If all the members of the family are to understand one another and love one another, each one must have a great virtue. The same training and the same blood are not sufficient; self-conquest is necessary. Bishop Jacques Bossuet expressed it well: “Natures are always sufficiently opposite in character to create frequent friction in a habitual society. Each one has his particular disposition, his prejudices, his habits. One sees himself at such close range and one sees oneself from so many angles, with so many faults in the most trifling occurrences! One grows weary, imperfection repels, human weakness makes itself felt more and more, so that it is necessary to conquer oneself at every hour.”
THE HIERARCHY OF DUTIES.
APOSTOLIC work if carried on inopportunely or immoderately can take a woman away from her home too much.
Beyond a doubt, there are immense needs: help for the sick, catechetical instructions, guild meetings for the Sisters, spiritual conferences, and in all of these, great charity can be exercised. It is much better for a woman to spend her time in such things than in lounging, or in numerous and useless visits, in exploring for the hundredth time some enticing department store. Nevertheless, the duties of the home remain her principal work: To plan, to arrange, to mend, to clean, to sew, to beautify, to care for the children. Insignificant duties? But what would that matter if they represented the Will of God? Are we not too often tempted to want a change? Impetuous zeal, poorly directed service, caprice under the guise of generosity seek to substitute for daily duty which perhaps has not much glamour about it but which is, just the same, wanted by God.

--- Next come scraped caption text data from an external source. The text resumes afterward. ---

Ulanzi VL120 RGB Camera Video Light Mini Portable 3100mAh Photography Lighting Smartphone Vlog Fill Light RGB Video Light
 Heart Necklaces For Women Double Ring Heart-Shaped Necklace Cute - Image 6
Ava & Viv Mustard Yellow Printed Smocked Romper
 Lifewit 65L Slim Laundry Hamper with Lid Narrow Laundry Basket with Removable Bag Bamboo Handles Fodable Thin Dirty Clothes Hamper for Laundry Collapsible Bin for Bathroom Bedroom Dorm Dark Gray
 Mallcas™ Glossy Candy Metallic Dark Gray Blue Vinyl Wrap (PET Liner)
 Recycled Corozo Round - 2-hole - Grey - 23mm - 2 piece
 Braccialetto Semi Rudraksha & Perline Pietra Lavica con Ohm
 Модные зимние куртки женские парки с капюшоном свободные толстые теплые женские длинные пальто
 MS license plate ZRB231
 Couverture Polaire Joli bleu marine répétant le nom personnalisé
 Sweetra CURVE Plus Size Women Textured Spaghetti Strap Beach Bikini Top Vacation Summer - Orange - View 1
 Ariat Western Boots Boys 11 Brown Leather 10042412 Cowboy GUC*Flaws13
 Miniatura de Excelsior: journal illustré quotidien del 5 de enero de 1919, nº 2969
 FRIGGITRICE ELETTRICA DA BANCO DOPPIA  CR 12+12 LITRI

Would not the greatest charity in such a case be not to engage in works of charity but to remain faithfully at home and devote oneself to works which no one will speak of and which will win no one’s congratulations? Later when the children have grown up and settled, there may be leisure; then a large share in the apostolate will be open according to one’s strength and time. Until then, my nearest neighbor, without being the least bit exclusive about it but merely judging with a well instructed understanding, will be this little world that has established itself in my home...
Another danger besides excessive apostolic works that might ensnare some wives and mothers of families would be to give exaggerated place to exercises of piety. Did not one of the characters in a novel by Georges Duhamel lament this tendency: “I have heard priests say that some women have spoiled their married life by excessive attendance at religious ceremonies and they sighed, ‘Why did they get married if they had a religious vocation!’ Yes.”
There are unfortunately some husbands so superficially Christian that they see exaggeration in the most elementary and normal practice of piety on the part of the wife and mother. That is only too sadly true! Their judgment is worth nothing.
We are referring only to an actual excess, which would really be considered such by a competent judge.
There is no doubt that a married woman, if she is a good manager and is not encumbered by some job outside the home, can find time for normal religious exercises and can even provide for meditation, spiritual reading and a relatively frequent assistance at Mass and reception of Holy Communion; time, after all, is something that varies in its possibility for adaptations and compressibility and woman excels in the heart of putting many things into a small place...
If she suspects that her husband finds certain exterior acts of piety exaggerated, attendance at weekday Mass for instance, let her increase her private devotions somewhat, a little more meditation or spiritual reading when he is not around; whether he is right or not, it is better not to irritate him if grave consequences might result. That is how Elisabeth Leseur managed; never did she betray the least annoyance when disturbed in her devotions; she always answered her husband’s call or his outbursts of irritation with a pleasant face.
Never neglect a duty but observe the order of their importance.